Internal Design of CalcuDgree

Overview

CalcuDgree is an algorithm used to calculate indegree for CSR format input or outdegree for CSC format input. The algorithm is quite easy, but due to DDR limits, we cannot get one data per clock, so in our design, we use a cache with depth ajustable to get much better performance.

Algorithm

CalcuDgree algorithm implementation:

for each edge (u, v) in graph   // calculate du degree
    degree(v) += 1

Implemention

The input matrix should ensure that the following conditions hold:

  1. No duplicate edges
  2. compressed sparse column/row (CSC/CSR) format

The algorithm implemention is shown as the figure below:

Figure 1 : calculate degree architecture on FPGA

Figure 1 PageRank calculate degree architecture on FPGA

As we can see from the figure:

  1. Module calculate degree: first get the vertex node’s outdegree and keep them in one DDR buffer.

Profiling

The hardware resource utilizations are listed in the following table.

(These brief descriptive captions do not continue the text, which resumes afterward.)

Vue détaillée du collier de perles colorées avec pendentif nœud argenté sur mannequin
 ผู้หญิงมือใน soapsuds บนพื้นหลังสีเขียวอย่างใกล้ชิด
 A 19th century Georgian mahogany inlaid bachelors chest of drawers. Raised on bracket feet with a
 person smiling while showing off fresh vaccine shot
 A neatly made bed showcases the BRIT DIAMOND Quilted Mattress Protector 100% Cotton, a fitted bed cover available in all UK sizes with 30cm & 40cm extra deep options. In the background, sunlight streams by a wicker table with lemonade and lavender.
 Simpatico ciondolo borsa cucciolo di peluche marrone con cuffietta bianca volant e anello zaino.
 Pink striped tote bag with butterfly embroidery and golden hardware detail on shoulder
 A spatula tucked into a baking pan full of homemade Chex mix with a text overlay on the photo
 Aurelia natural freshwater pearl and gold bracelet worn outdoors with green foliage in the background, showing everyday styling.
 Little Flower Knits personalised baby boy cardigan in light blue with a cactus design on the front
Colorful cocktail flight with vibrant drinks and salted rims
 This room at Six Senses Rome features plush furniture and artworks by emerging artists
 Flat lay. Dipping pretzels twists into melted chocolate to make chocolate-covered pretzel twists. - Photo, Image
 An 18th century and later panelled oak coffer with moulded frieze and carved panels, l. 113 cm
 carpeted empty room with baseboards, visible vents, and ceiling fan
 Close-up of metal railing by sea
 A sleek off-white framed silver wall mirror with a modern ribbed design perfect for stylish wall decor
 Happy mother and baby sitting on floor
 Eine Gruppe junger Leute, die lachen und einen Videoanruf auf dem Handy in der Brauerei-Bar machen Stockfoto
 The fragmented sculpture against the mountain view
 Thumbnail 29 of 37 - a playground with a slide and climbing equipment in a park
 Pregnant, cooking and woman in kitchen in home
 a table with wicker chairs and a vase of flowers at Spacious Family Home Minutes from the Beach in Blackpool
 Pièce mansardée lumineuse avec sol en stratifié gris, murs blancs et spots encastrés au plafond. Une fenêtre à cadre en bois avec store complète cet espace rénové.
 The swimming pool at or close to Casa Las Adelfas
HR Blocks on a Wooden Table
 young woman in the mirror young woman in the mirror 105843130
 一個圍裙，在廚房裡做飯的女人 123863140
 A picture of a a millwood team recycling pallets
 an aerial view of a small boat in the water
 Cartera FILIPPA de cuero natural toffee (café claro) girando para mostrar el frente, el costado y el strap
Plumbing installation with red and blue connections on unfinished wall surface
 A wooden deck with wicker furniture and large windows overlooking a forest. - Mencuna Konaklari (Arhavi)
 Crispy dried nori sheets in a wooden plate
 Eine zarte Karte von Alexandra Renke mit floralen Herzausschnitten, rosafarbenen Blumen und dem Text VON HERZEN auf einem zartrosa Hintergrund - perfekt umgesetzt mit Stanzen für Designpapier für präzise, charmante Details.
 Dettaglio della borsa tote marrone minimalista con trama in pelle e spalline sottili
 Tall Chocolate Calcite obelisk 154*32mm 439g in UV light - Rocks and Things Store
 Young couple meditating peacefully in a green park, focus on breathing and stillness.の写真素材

Table 1 : Hardware resources for CalcuDegree with cache

Table 1 Hardware resources for CalcuDegree with cache (depth 1)
Kernel BRAM URAM DSP FF LUT Frequency(MHz)
kernel_pagerank_0 276 0 7 250477 171769 300

Figure 2 : Cache depth’s influence to CalcDepth acceleration

Figure 2 Cache depth's influence to CalcuDegree acceleration

Note

1. depth 1, depth 32, depth 1k, they use LUTRAM only, in compare with resources of depth 1, only LUT and FF changes.
2. depth 4k, depth 8k, depth 16k, depth 32k, they use URAM, in compare with resources of depth 1, the URAM utilization will be the major difference.
3. HW Frequency: depth 1 (300MHz), depth 32 (300MHz), depth 1k (300MHz), depth 4k (300MHz), depth 8k (300MHz), depth 16k (300MHz), depth 32k (294.8MHz)